About this exercise: A word-for-word copy of the records below is needed, without the images.

Short web captions

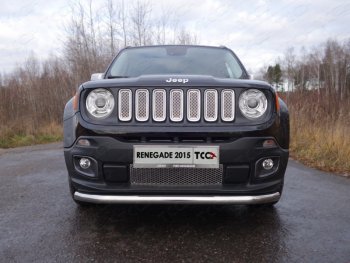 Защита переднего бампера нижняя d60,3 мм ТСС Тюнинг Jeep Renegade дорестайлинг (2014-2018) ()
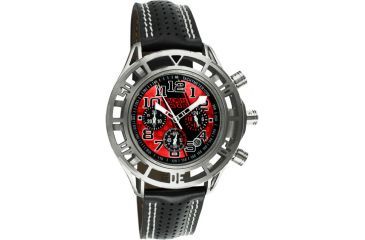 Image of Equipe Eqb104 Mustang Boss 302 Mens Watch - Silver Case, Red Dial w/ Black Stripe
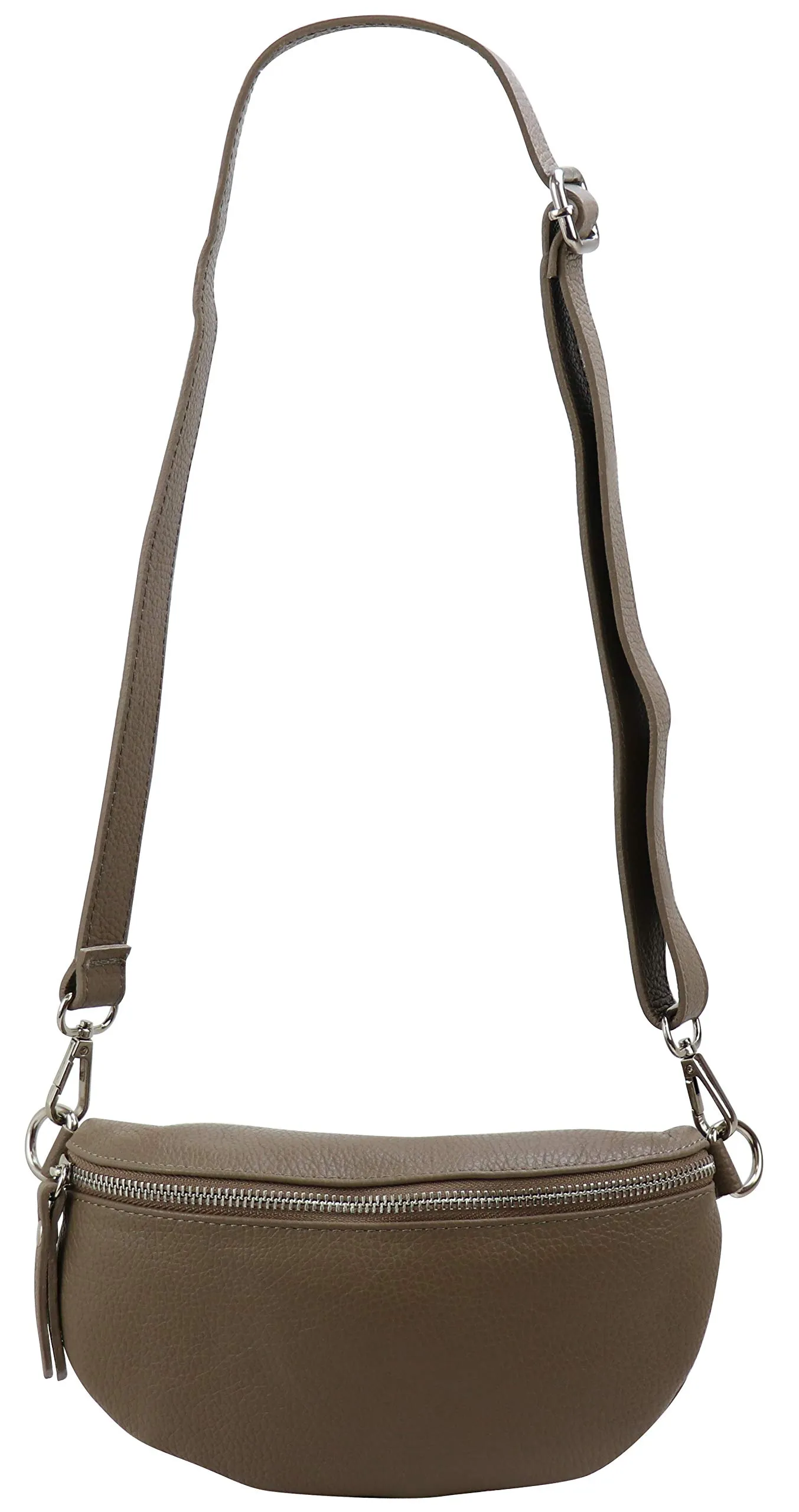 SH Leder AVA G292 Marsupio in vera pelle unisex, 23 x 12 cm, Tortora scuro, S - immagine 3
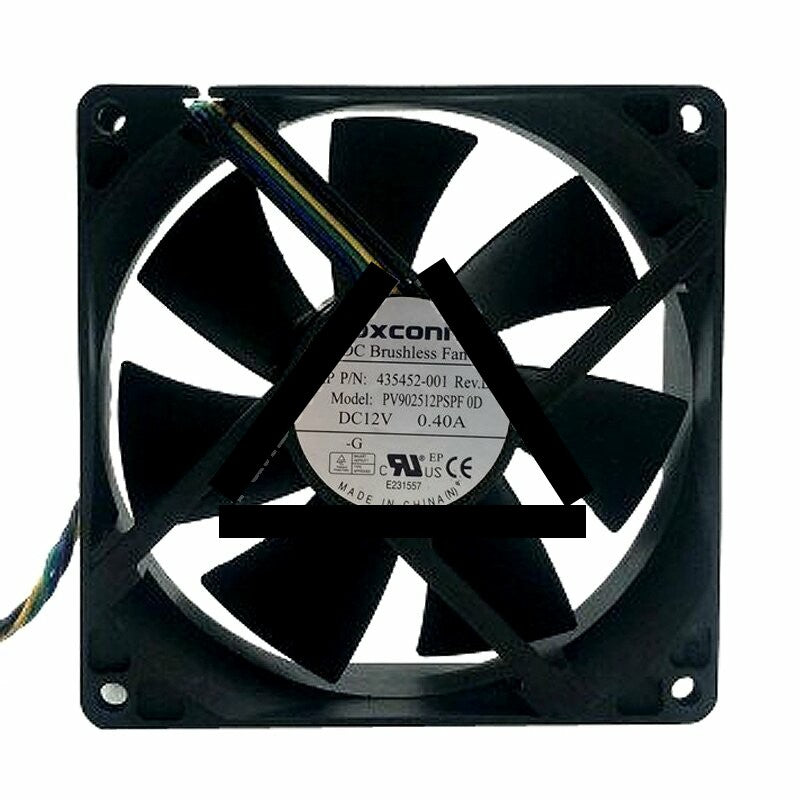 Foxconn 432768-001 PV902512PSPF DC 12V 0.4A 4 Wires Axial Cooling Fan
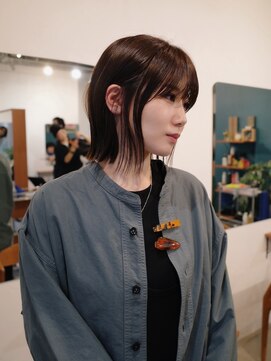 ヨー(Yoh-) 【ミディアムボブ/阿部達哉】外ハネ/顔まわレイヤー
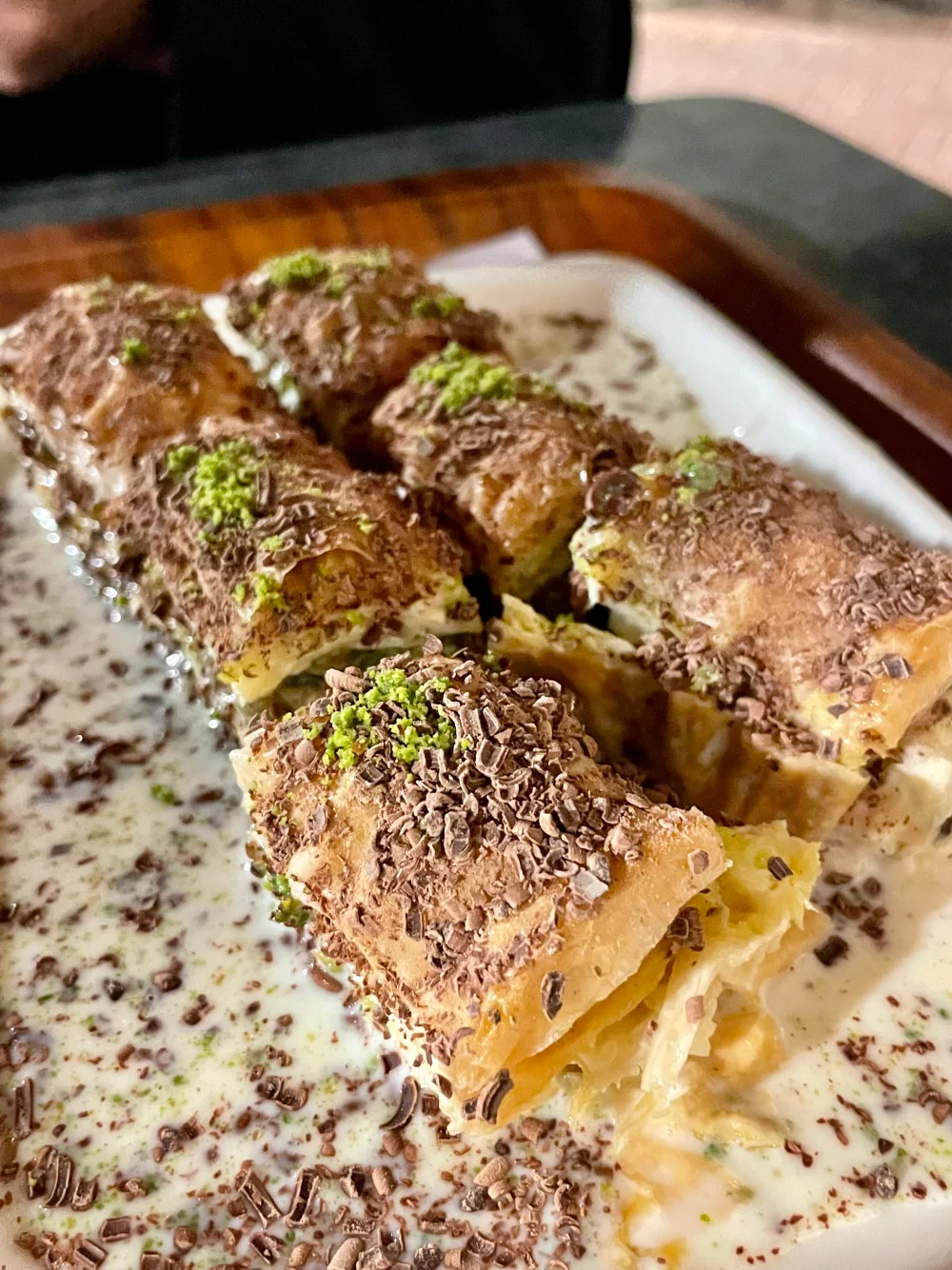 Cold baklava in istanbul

Your response:
 Защита переднего бампера нижняя d60,3 мм ТСС Тюнинг Jeep Renegade дорестайлинг (2014-2018) ()
 Image of Equipe Eqb104 Mustang Boss 302 Mens Watch - Silver Case, Red Dial w/ Black Stripe
 SH Leder AVA G292 Marsupio in vera pelle unisex, 23 x 12 cm, Tortora scuro, S - immagine 3
 Foxconn 432768-001 PV902512PSPF DC 12V 0.4A 4 Wires Axial Cooling Fan
 ヨー(Yoh-) 【ミディアムボブ/阿部達哉】外ハネ/顔まわレイヤー
 Cold baklava in istanbul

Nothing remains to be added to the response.